Of course, it’s never guaranteed that an Easter Egg will actually be found or understood by players. In most cases, that’s not a problem, because they’re just optional quips. It was different in the case of Batman: Arkham Asylum, where an Easter Egg was actually supposed to serve as a marketing stunt for the sequel – for six months the developers waited eagerly every day for players to come across the secret room in the where they had hidden a teaser for Batman: Arkham City. This room contained a large blueprint for an expansion of Arkham towards Gotham City, so it was an exceedingly clear hint at the title and content of the sequel.

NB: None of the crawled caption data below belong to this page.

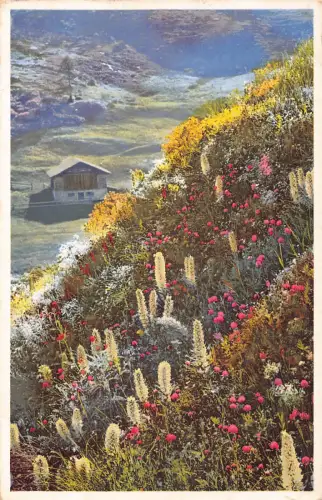 B016 Blumen Campanula thyrsoidea Straussbluetige Glockenblume Fextal Postkarte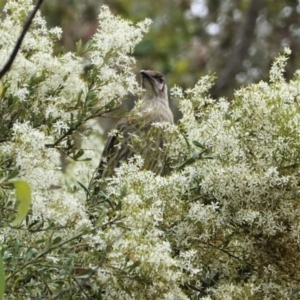 Anthochaera carunculata at Hughes, ACT - 7 Jan 2021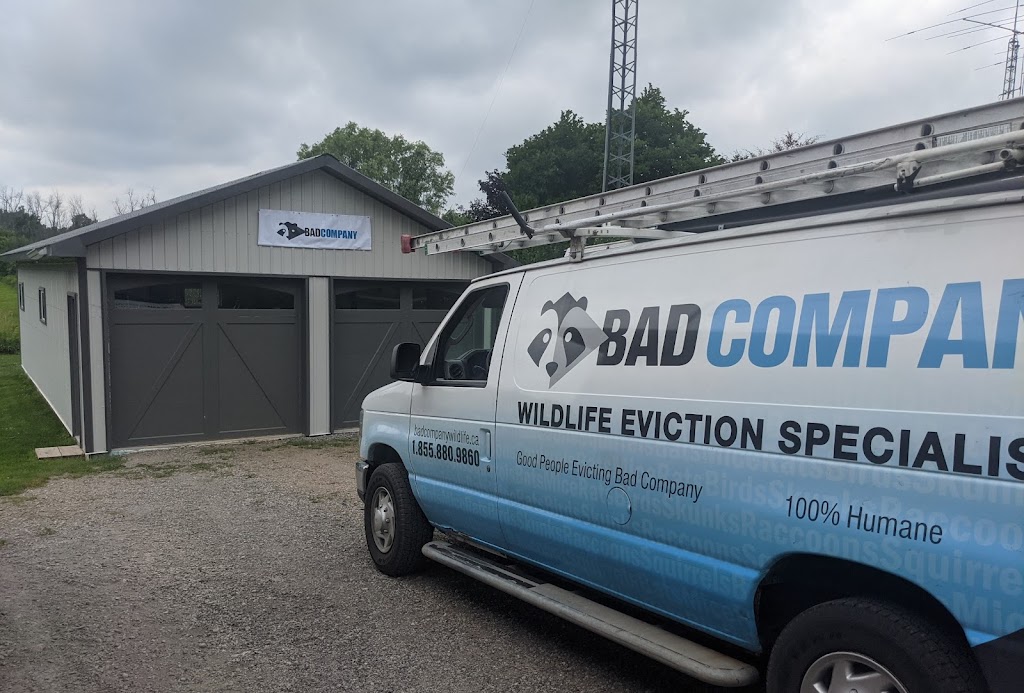 Bad Company Wildlife Eviction - Burlington | 1225 Centre Rd, Hamilton, ON L8N 2Z7, Canada | Phone: (855) 937-0418
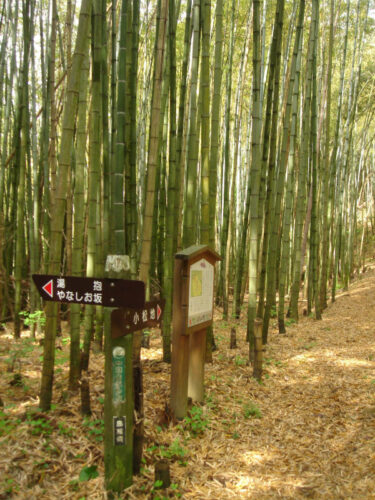 Dsc00404 十王堂跡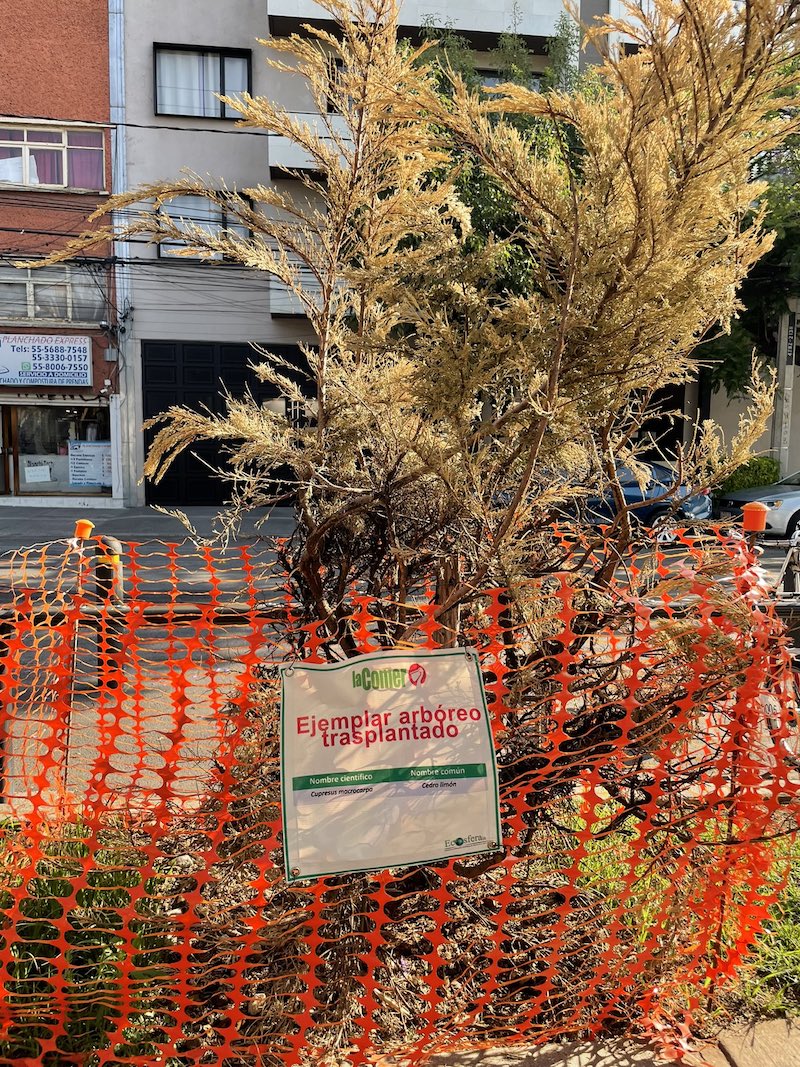 tala-arboles-cdmx-denuncia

Eventually, patience ran out: the developers took matters into their own hands and revealed the Easter Egg themselves. They had simply thought of too good a hiding place for such a marketing measure.

Grand Theft Auto V – X-Files

For a game that is supposedly about crime in the big city, car chases, and shootouts with the police, GTA 5 has a hell of a lot of mysterious and almost scary undertones that are rather reminiscent of The X-Files. Ghosts and Sasquatch cavort in forests, aliens and UFOs are up to no good, and you can even find frozen alien corpses underwater, staring at you creepily.

Rockstar had already included a super weird Easter Egg in GTA 4 with the infamous Heart of Liberty City – literally an enormous, chained, still-beating heart inside a statue. What is going on in that world exactly? One has to wonder what they’ll have in store for GTA 6.

Metal Gear Solid – Mind Reader Psycho Mantis

Rounding things off is a fun classic from Konami, starring Metal Gear Solid’s Psycho Mantis. This rogue boasts that he can read your mind – and to everyone’s amazement, he actually could, listing off a number of games you had saved alongside Metal Gear Solid. The rascal gained access to your memory card and thus incorporated the titles left there into his dialog. If they were Konami games, he even commented on them additionally. A really cool and unnerving surprise once upon a time.